──────── Material for the task ────────
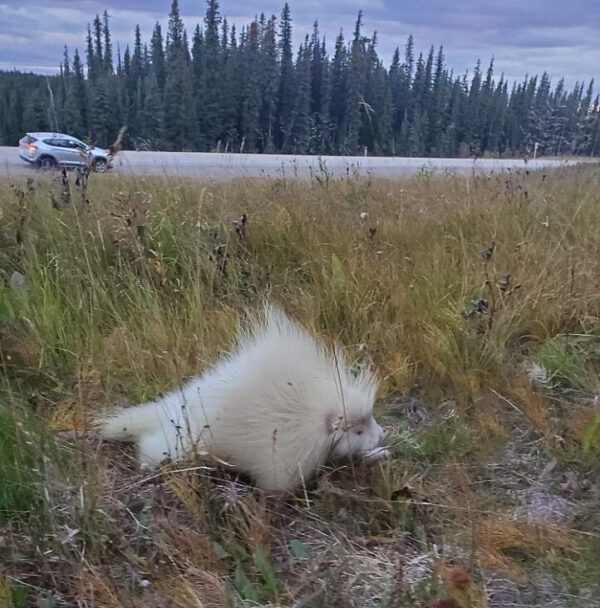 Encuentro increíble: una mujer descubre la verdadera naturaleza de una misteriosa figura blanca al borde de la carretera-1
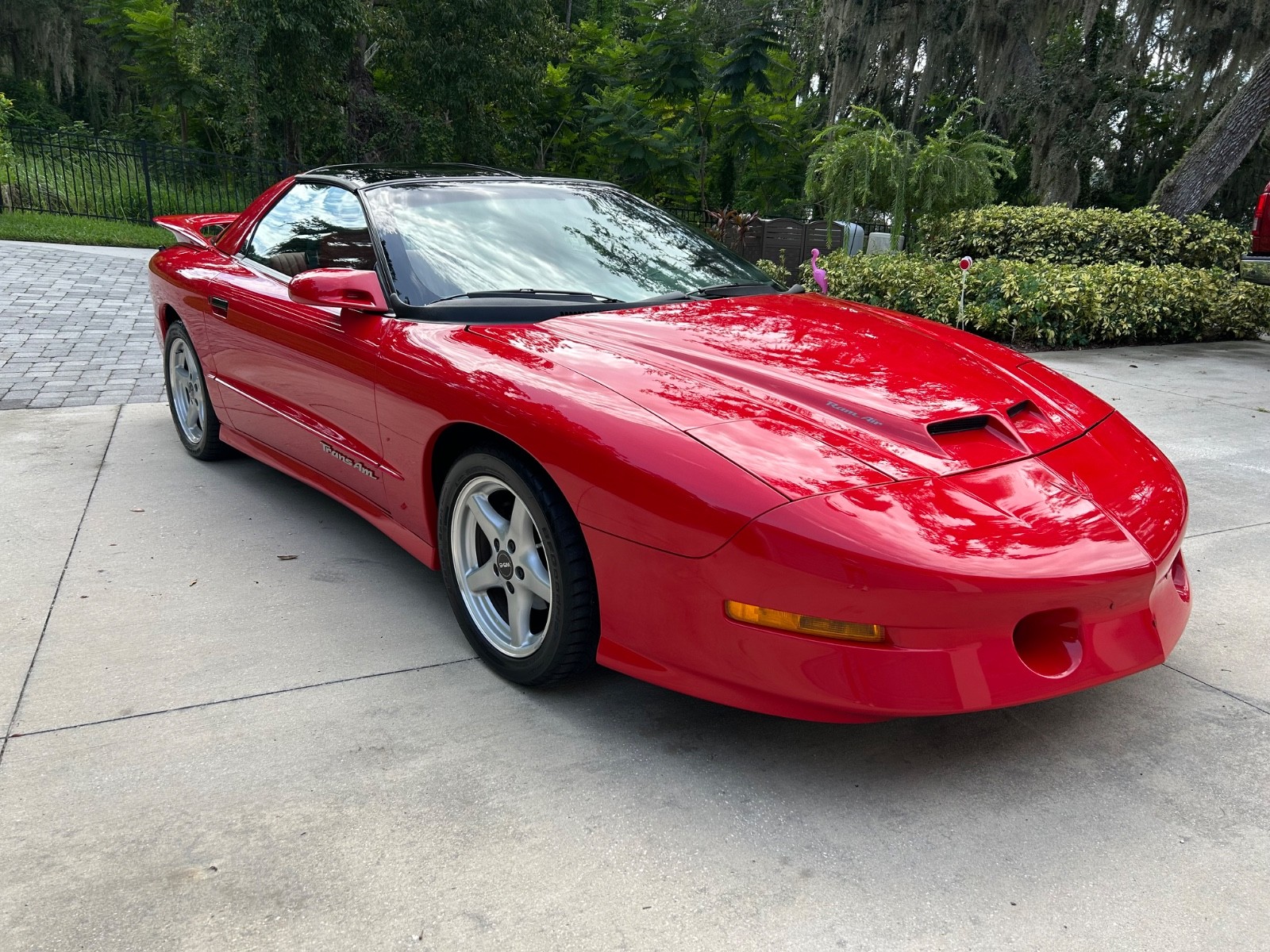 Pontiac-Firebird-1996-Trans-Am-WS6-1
────────
──────── Material for the task ────────
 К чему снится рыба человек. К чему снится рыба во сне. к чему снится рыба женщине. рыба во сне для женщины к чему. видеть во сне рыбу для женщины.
────────
**What the exercise asks:** Print everything from the line with "Encuentro increíble: una" down to the line with "Pontiac-Firebird-1996-Trans-Am-WS6-1" in the entries above, both lines included and nothing more, without the pictures.

**Result below:**
 Encuentro increíble: una mujer descubre la verdadera naturaleza de una misteriosa figura blanca al borde de la carretera-1
 Pontiac-Firebird-1996-Trans-Am-WS6-1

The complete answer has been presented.